Bank of Japan officials see significant scope to boost government bond purchases if needed to achieve their inflation target, according to people familiar with the discussions, signaling little concern with perceptions of underwriting fiscal deficits.

While no decision will be made until the central bank has more time to assess price trends, the current pace of asset purchases - equivalent to 70 percent of new government debt issuance - isn’t a limit for many officials, according to the people, who asked not to be named as the talks are private. Some officials highlight the size of the market offering plenty of room to buy more, according to the people.

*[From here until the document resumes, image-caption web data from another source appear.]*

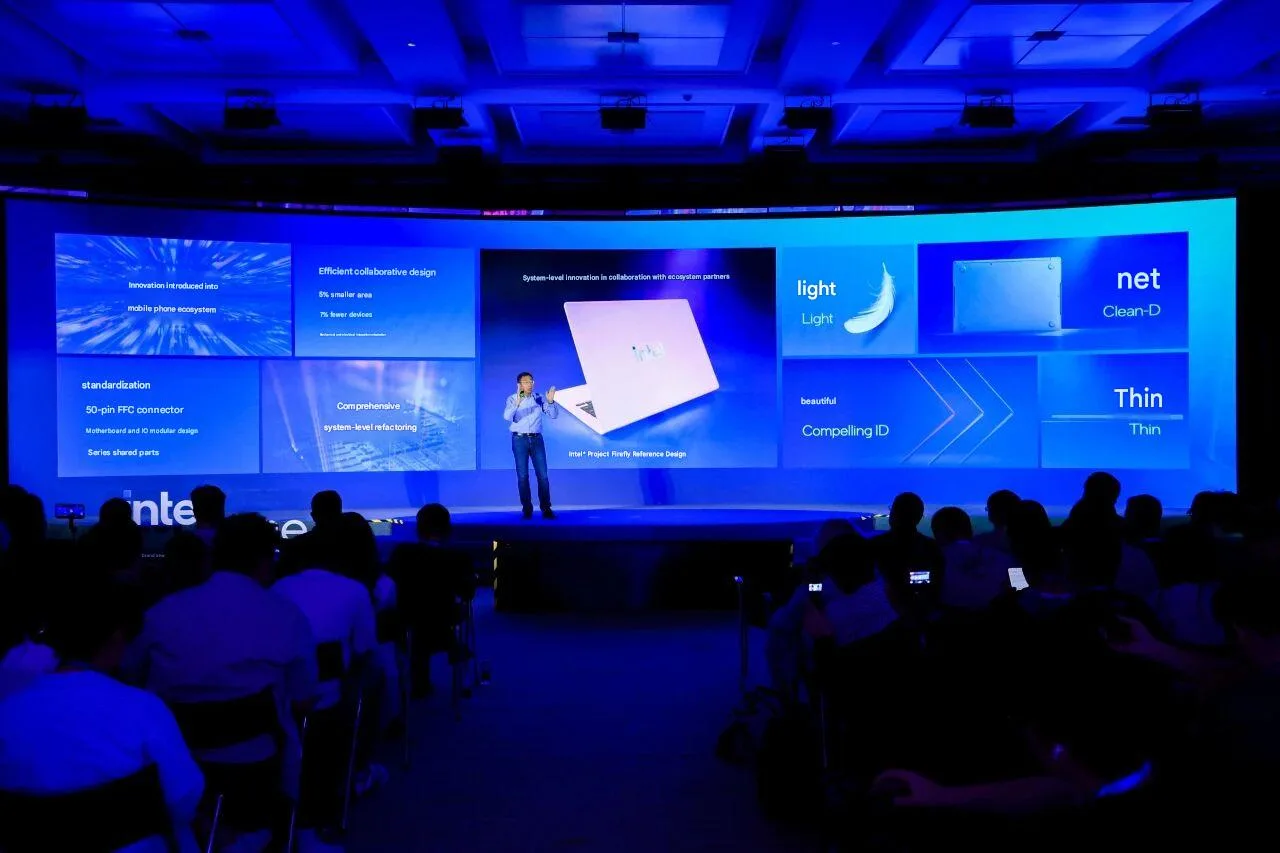 Intel zieht Partner in ein einheitliches Wildcat-Lake-Konzept, um mit „Projekt Firefly" Laptop-Designs zu standardisieren und dem MacBook Neo zu begegnen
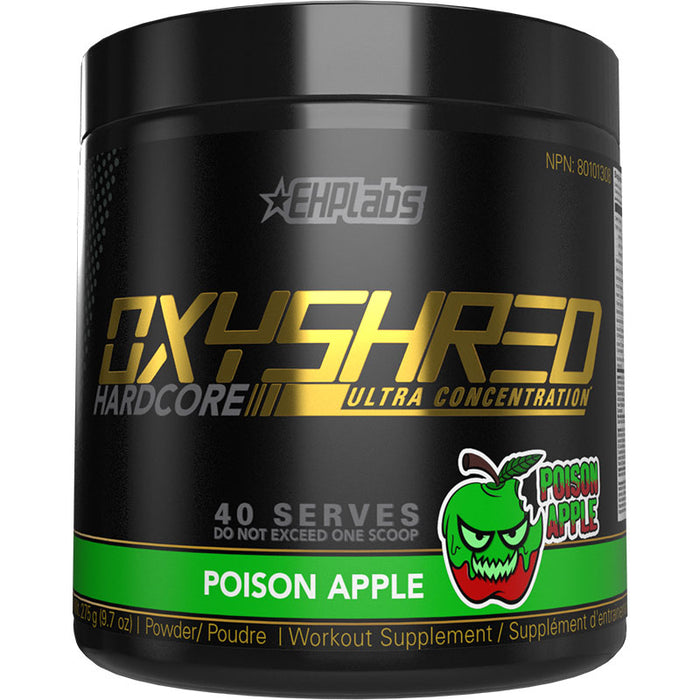 EHP Oxyshred Hardcore 40 Servings
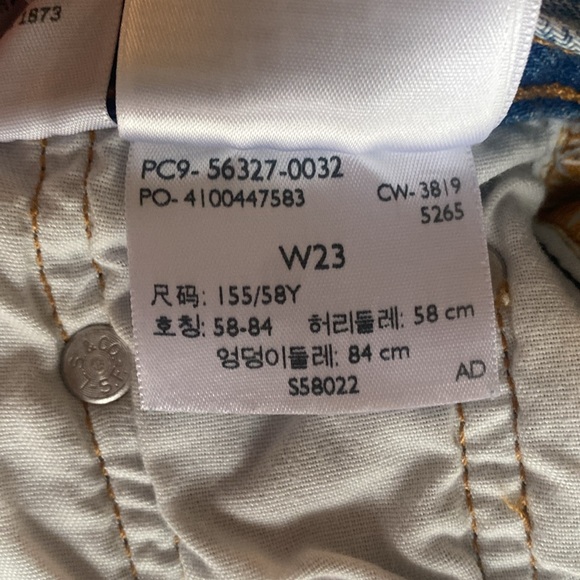 Levi’s 501 Original Short in Athens Mid Short - Picture 11 of 12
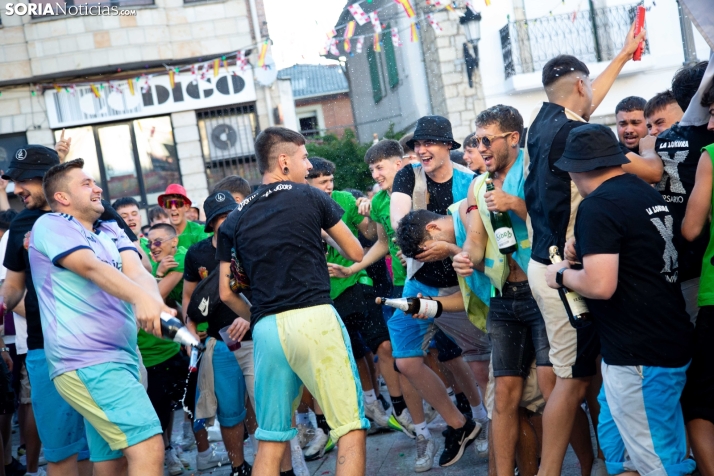 San Leonardo estalla en fiestas con el pregón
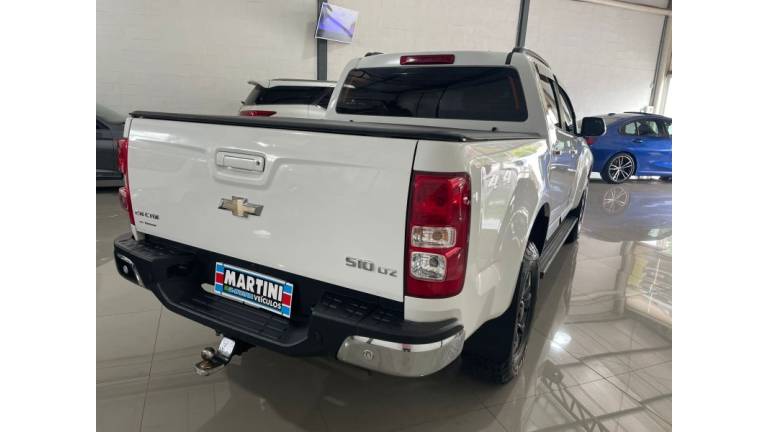 CHEVROLET - S10 - 2016/2016 - Branca - R$ 132.900,00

The BOJ in September reported that it held 15.4 percent of the 969 trillion yen ($9.4 trillion) of government bonds outstanding.

With most economists surveyed anticipating the BOJ will escalate its stimulus after a bump in the national sales tax in April, focus is increasing on how the central bank will execute such a move. Along with government bonds, the central bank has been purchasing equities through exchange-traded funds and real-estate investment trusts.

“The BOJ has a completely different mindset than in the past,” said Masamichi Adachi, a senior economist at JPMorgan in Tokyo. “There is no way back - the central bank has to continue easing until it achieves its price target.”

Forecast to leave policy unchanged at a two-day meeting that starts tomorrow, the BOJ has already unveiled monetary easing that is unprecedented for Japan as the central bank chases a goal of driving 2 percent inflation in about two years.

The BOJ is targeting a 50 trillion yen increase in bonds outstanding per year.

The yield on 10-year government bonds touched a record low of 0.315 percent on April 5, the day after the central bank unleashed its record easing program, before climbing to a one- year high of 1 percent on May 23.

Under Haruhiko Kuroda, the bank’s governor, the central bank is focused less on the risks associated with monetary policy and more on the importance of achieving price stability, the people familiar with the discussions said.

Board members Takehiro Sato and Takahide Kiuchi have expressed concern about the likely value of any extra easing, indicating that any future move to increase bond purchases might not be unopposed.

Abe’s government has already unveiled a stimulus package to help the nation weather the tax increase that, while helping to improve the nation’s finances, is forecast to trigger a one-quarter contraction in the world’s third-biggest economy.

In Asian economic data yesterday, Japan reported the biggest November trade deficit on record as imports climbed 21.1 percent from a year earlier, supported by demand ahead of a sales-tax increase in April.